I think there must be wide agreement that skills in the cybersecurity domain are highly valuable in the 21st century, but also in extremely short supply.

It’s interesting to compare the number of graduate-level programs focused on cybersecurity in the U.S. and in Canada. A quick search in the U.S. finds that more than 30 colleges (probably a lot more) offer at least a Master’s degree specialising in cybersecurity. There are also at least a handful in the U.K..

The identical search in Canada finds exactly zero such programs (there is one, but it’s not open to civilians). In fact, there are almost no graduate programs in Canada that offer even a single course in cybersecurity.
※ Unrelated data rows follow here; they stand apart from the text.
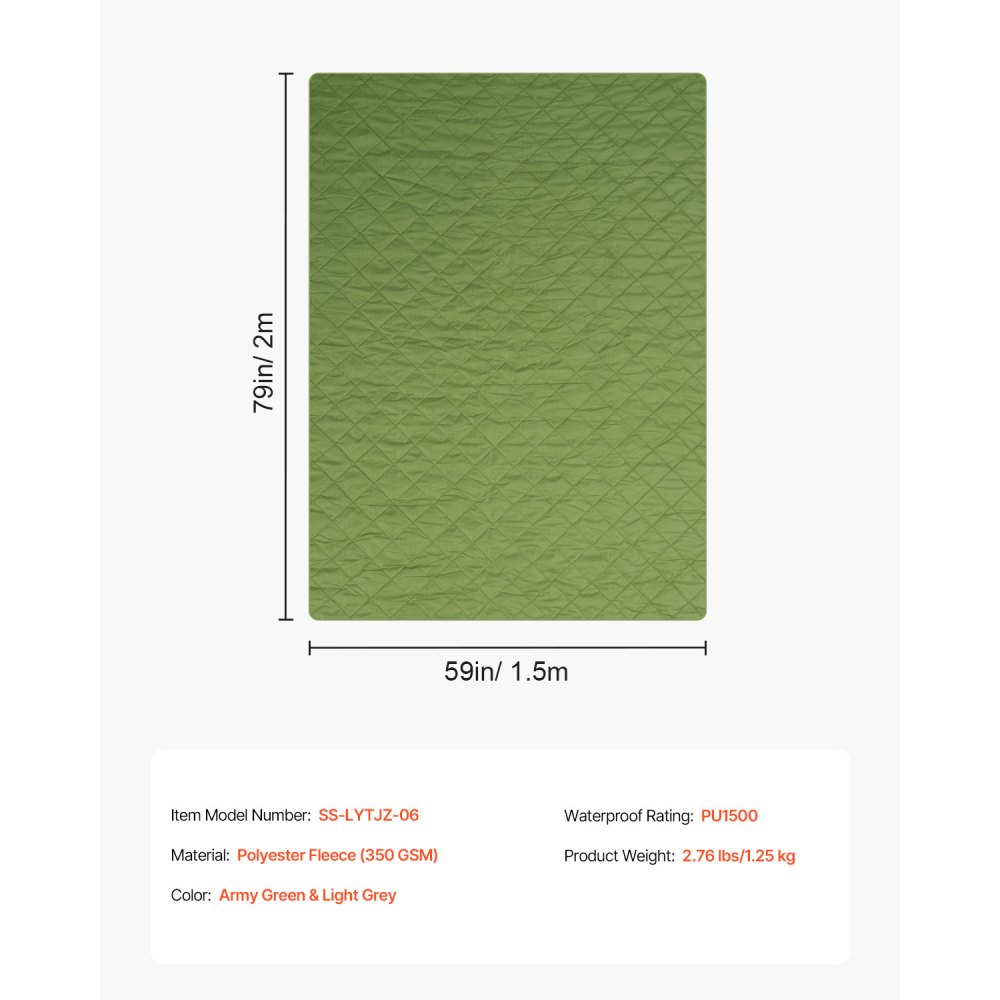 VEVOR Coperta da Campeggio, Grande Coperta Calda da Stadio, Impermeabile e Antivento, Pile di Poliestere 350 GSM, Ignifuga, Ideale per Esterni, Picnic, Escursioni, Viaggi, 2,08 mx 1,4 m Bicolore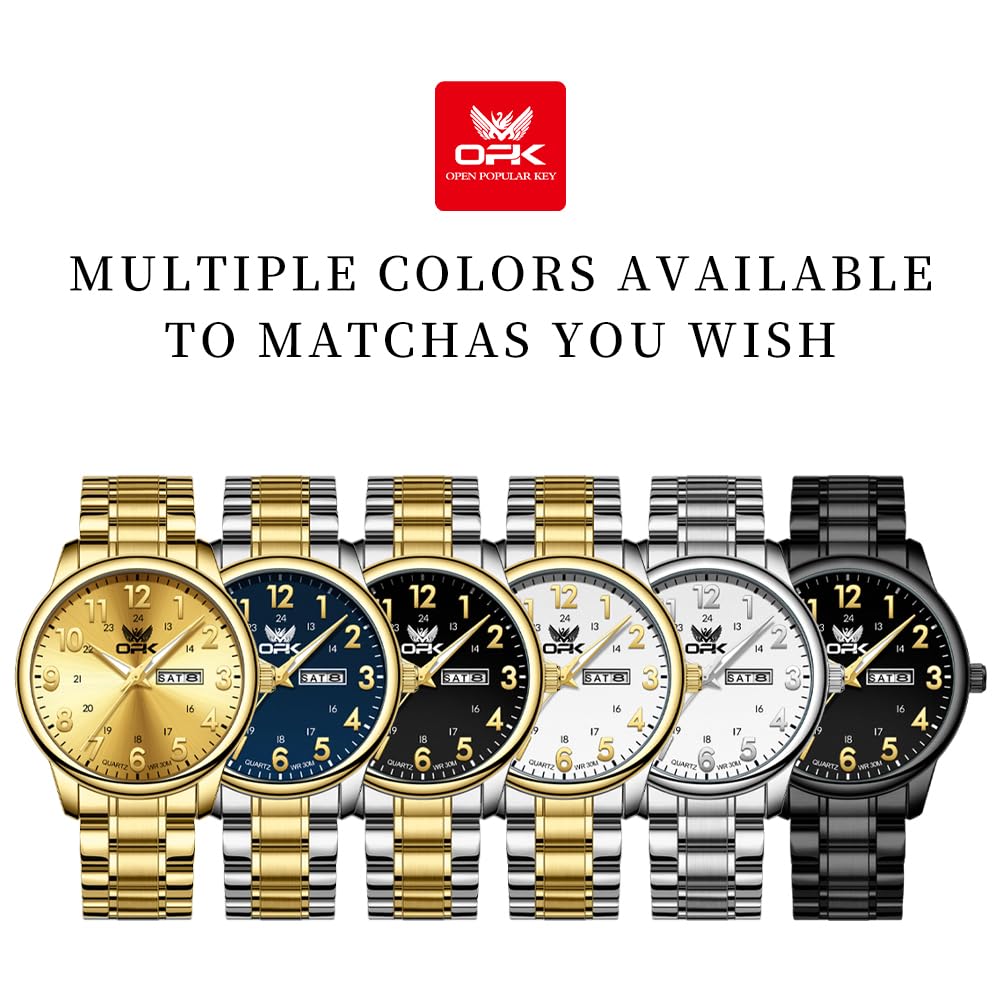 OPK Кварцевые Популярные Стильные Деловые Водонепроницаемые Дата Люминесцентные Легко Видеть Удобные Календарные Часы Компания Студенческие Часы для Мужчин Золотые Мужские Мужские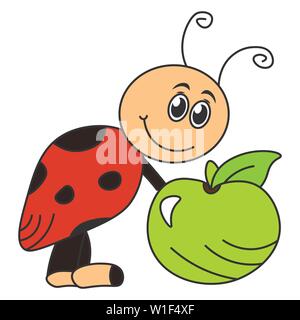 Cartoon ladybug holding an apple. Color drawing. Vector illustration Stock Vector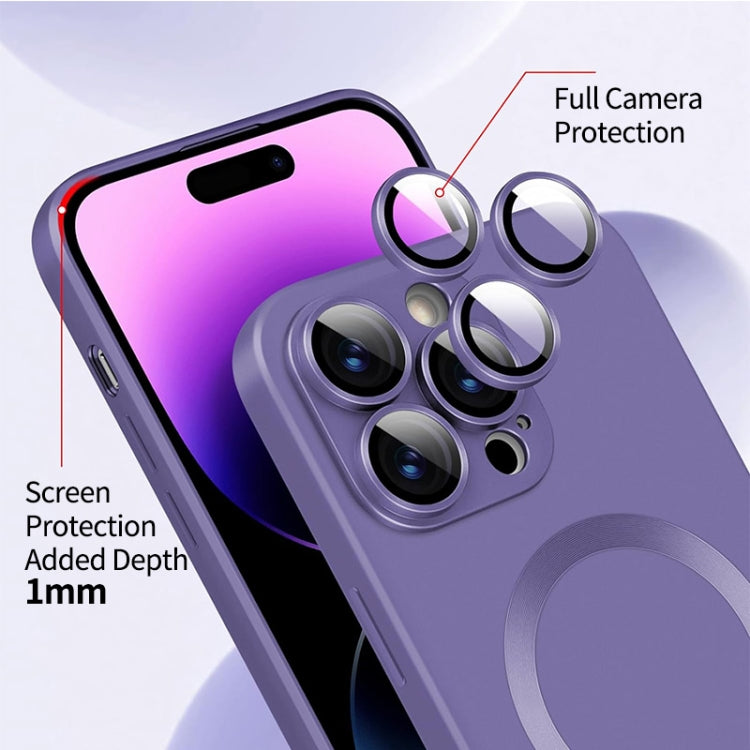 For iPhone 15 Pro ENKAY MagSafe Matte TPU Phone Case with Lens Film(Purple) - iPhone 15 Pro Cases by ENKAY | Online Shopping UK | buy2fix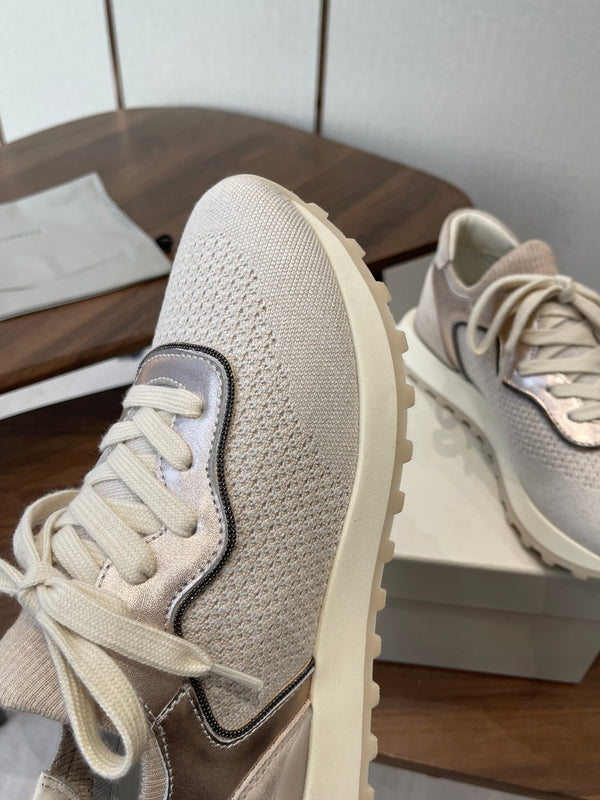 Brunello Runners With Shiny Eyelets Grey Suede Cotton 624469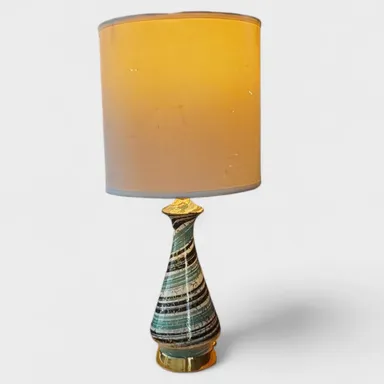 True Vintage MCM Mid Century Modern Ceramic Table Lamp Teal Gold White Black 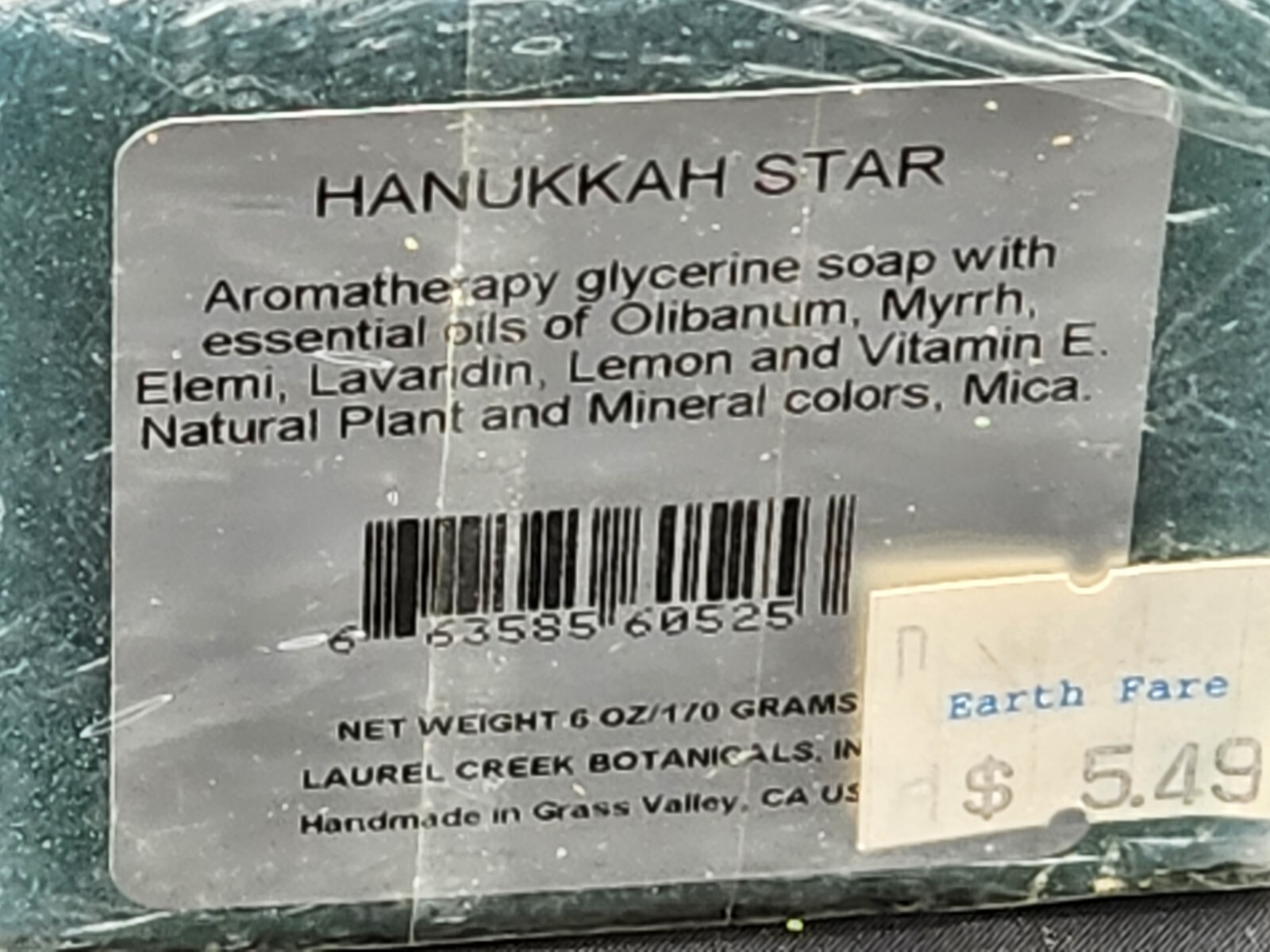 Hanukkah Star Blue Aromatherapy Glycerin Soap Laurel Creek Botanicals Lot 2 New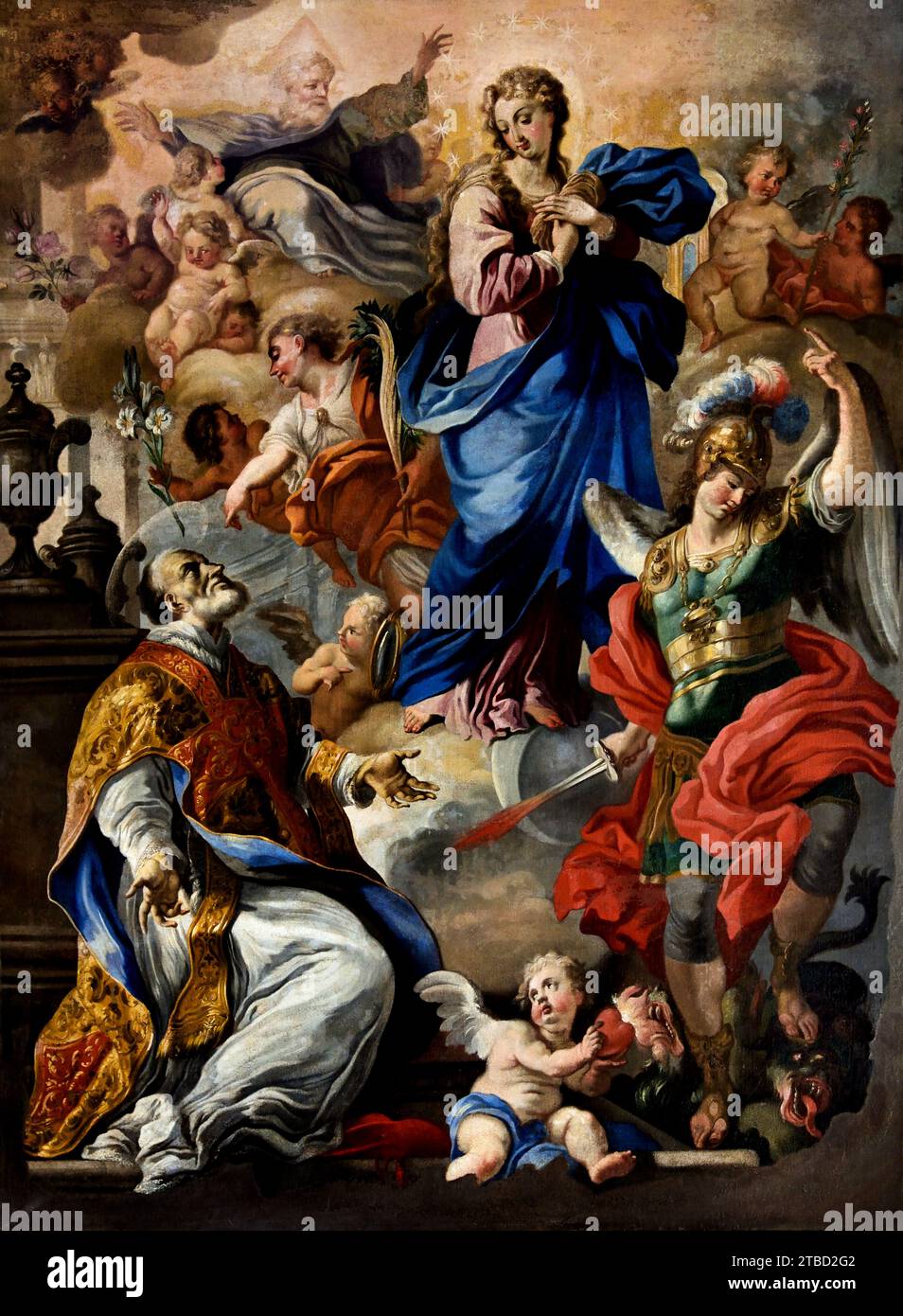 Pinto-Kapelle 18. Jahrhundert, Jungfrau mit den Heiligen Filippo Neri und Michele Arcangelo vom Maler Michele Ricciardi, Primatial Metropolitan Cathedral ( eröffnet im März 1084) der Heiligen Maria der Engel, des heiligen Matthäus und des heiligen Gregor VII. - Cattedrale Primaziale Metropolitana di Santa Maria degli Angeli, San Matteo e San Gregorio VI.I Salerno Fine Art Museum, Italien, Italienisch, Stockfoto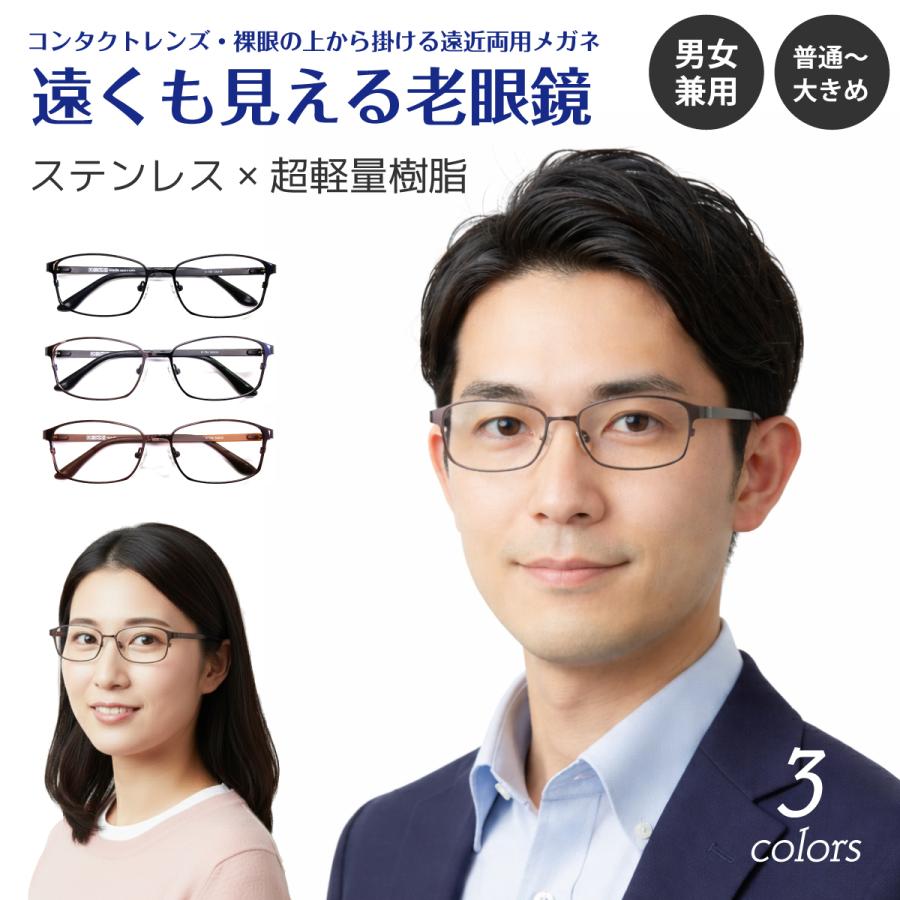 遠くも見える 老眼鏡 遠近両用 メガネ スクエア ステンレス製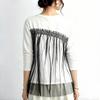 2026 New Spring and Autumn Women's Simple Casual Mesh Patchwork Long Sleeve Round Neck Pullover T-Shirt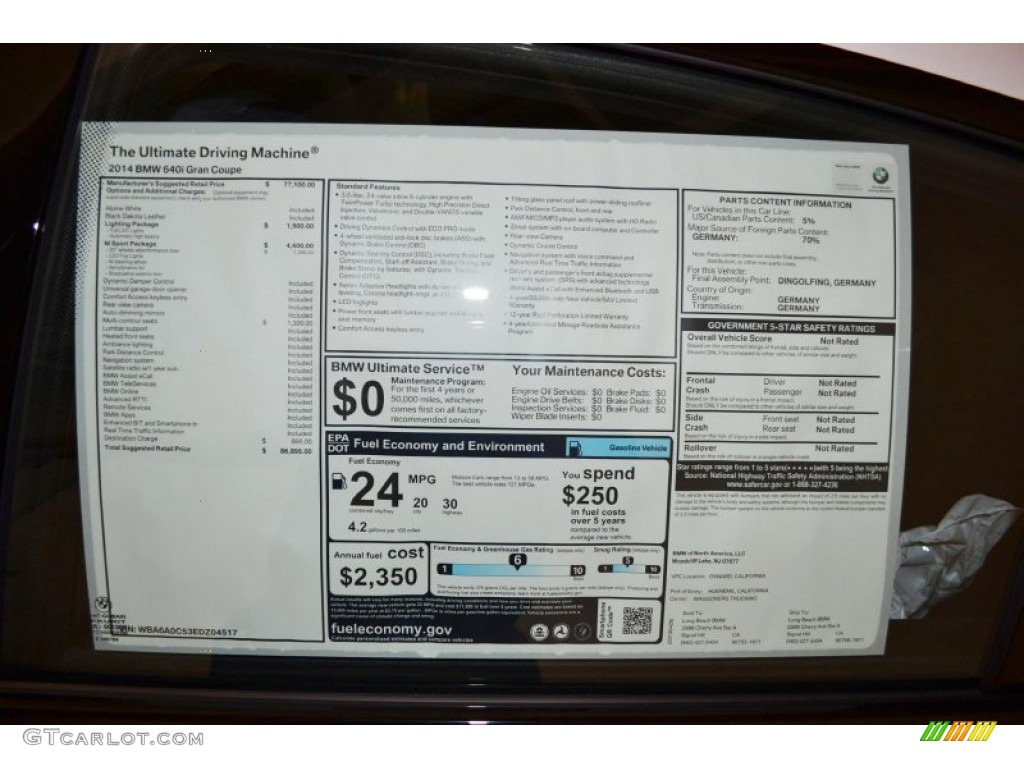 2014 BMW 6 Series 640i Gran Coupe Window Sticker Photo #80523823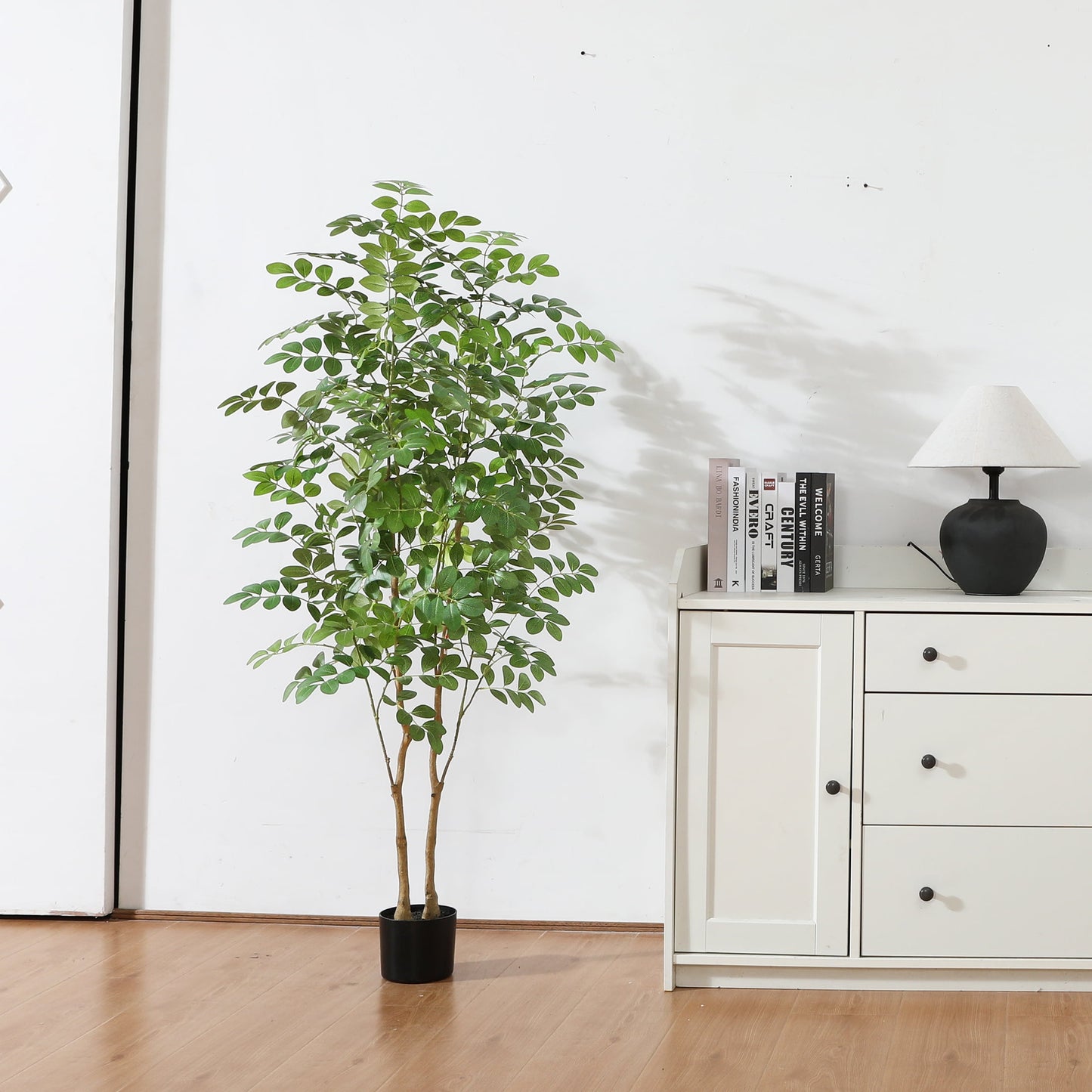 5 ft Faux Moringa Oleifera Tree in Pot, Artificial Horse Radish Tree, Fake Plants for Home Decor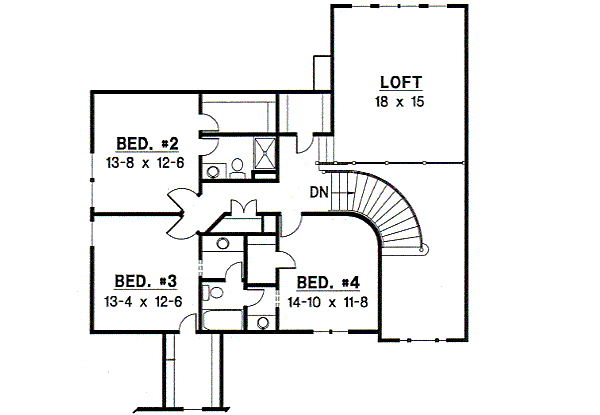 Traditional Floor Plan - Upper Floor Plan #67-450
Country                    Population                Number of programs

U.S.                        319,000,000                      30+

Canada                     30,000,000                        0

U.K.                         64,000,000                        6+

Australia                   23,000,000                       3+

New Zealand              4,000,000                        2+

Part of the problem is structural. The Canadian federal government has the greatest interest in a well-trained cybersecurity pool (to supply the Communications Security Establishment Canada and to provide a path to hardening infrastructure, finance, and high-tech businesses). But Canadian universities are provincially funded, and the provinces don’t have much interest in cybersecurity.

The differences between the U.S. and Canada are stark, and make it clear that Canada is going to have a hard time pulling its weight in the Five Eyes collaboration. And it’s a difficult problem to solve because of the need to bootstrap: there aren’t enough faculty to teach and do research in cybersecurity, because there aren’t enough opportunities to learn how to.